Cost breakdown for Honky Hot and Sour Soup: About $9 or $1.80 a serving. I had the oils, vinegars, spices, egg, corn starch and stock at home.
Verdict / In the future: Unlike many of the other hot and sour recipes I’ve tweaked and fiddled with over the years, this one works the best. There is just enough vinegar and spice, and I like using the whole block of tofu — I hate it when my Hot and Sour is too brothy, an all-too common occurrence with take-out. It’s also so easy to prep and takes so little time, I could easily whip this up during the week.
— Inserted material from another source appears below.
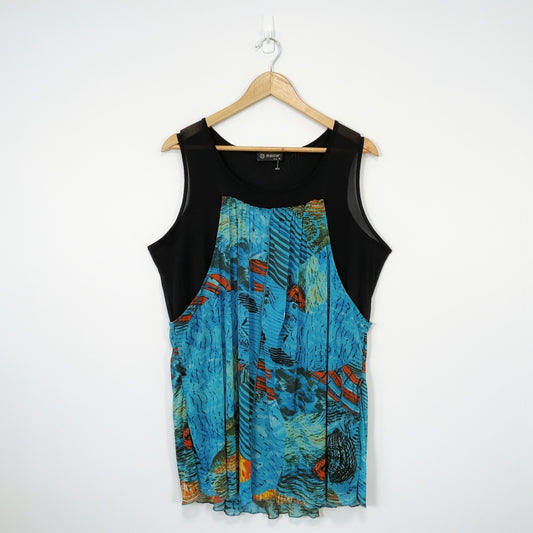 Merric- Black & Abstract Bule Overlay Sleeveless Tunic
Cauliflower Dressed in Greece
Makes 6 servings
- 1 large head of cauliflower, florets separated into bite-size pieces
- 1 TBSP olive oil
- 2 red onions, halved and sliced thin
- 2 large cloves garlic, minced
- 1/2 cup dry white wine
- 2 TBSP red wine vinegar
- 1 TBSP tomato paste
- 1 28-ounce can crushed tomatoes
- salt and pepper and red pepper flakes, to taste
- 1/2 tsp dried oregano and rosemary, each
- 12 green olives, halved
- 1/4 cup golden raisins
- 1/4 cup pistachios, chopped
- Steam cauliflower for 6-10 minutes or blanch in salted, boiling water for 2-4 minutes and shock in ice water bath, set aside. I prefer my vegetables al dente, so I steamed them for 6 minutes.
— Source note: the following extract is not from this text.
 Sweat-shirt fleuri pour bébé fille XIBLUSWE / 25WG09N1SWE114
- Heat oil in dutch oven. Add onions and saute over medium-high heat for about 10-15 minutes until golden brown and starting to break down. Add garlic and cook until fragrant, about 30 seconds.
- Add wine, vinegar, tomato paste and stir vigorously, distributing the paste. Cook until liquid has almost completely evaporated and onions are glazed, about 7 minutes.
- Add crushed tomatoes, salt, pepper, spices, bring to boil, reduce to simmer.
- Add olives, golden raisin and nuts.
- Cook until thickened slightly, about 10 minutes.
- Pour over cauliflower, taste, adjust seasoning, and serve.
Nutritional breakdown for Cauliflower Dressed in Greece: About 200 calories and 5 grams of fat. Super high in fiber, vitamins A, C, E, K, B6, Potassium. Low in saturated fat and cholesterol. Full of magical things that allow chain-smoking, boozing nations to live long, lovely, tasty lives.
Cost breakdown for Cauliflower Dressed in Greece: $4, or $0.67 a serving. I eat raisins, olives and nuts every day so I didn’t have to buy those — or the usual pantry suspects like oil, tomatoes, vinegar.
Verdict / In the future: When I offered this to Stephen, he told me that this is something Gwyneth Paltrow would eat and recommend on her newsletter, Goop. How he knows about Gwyneth Paltrow’s newsletter, much less is aware of its name, is a fact that is probably better left un-investigated, like the origins of the term toe jam, or how on earth Donald Trump gets his hair to stay that way, anyway. However nefariously he arrived in a world in which he is cognizant of Goop, after taking a bite from the tree of knowledge, he is clearly ready to Unsubscribe. No problem: more for me. I love the luscious, richness of the tomato sauce, the pungent, salty meat of the nuts, the sea-taste of the olives, the nectar of the raisins. Cauliflower is the perfect, slightly sweet blank canvas for the agrodolce fun.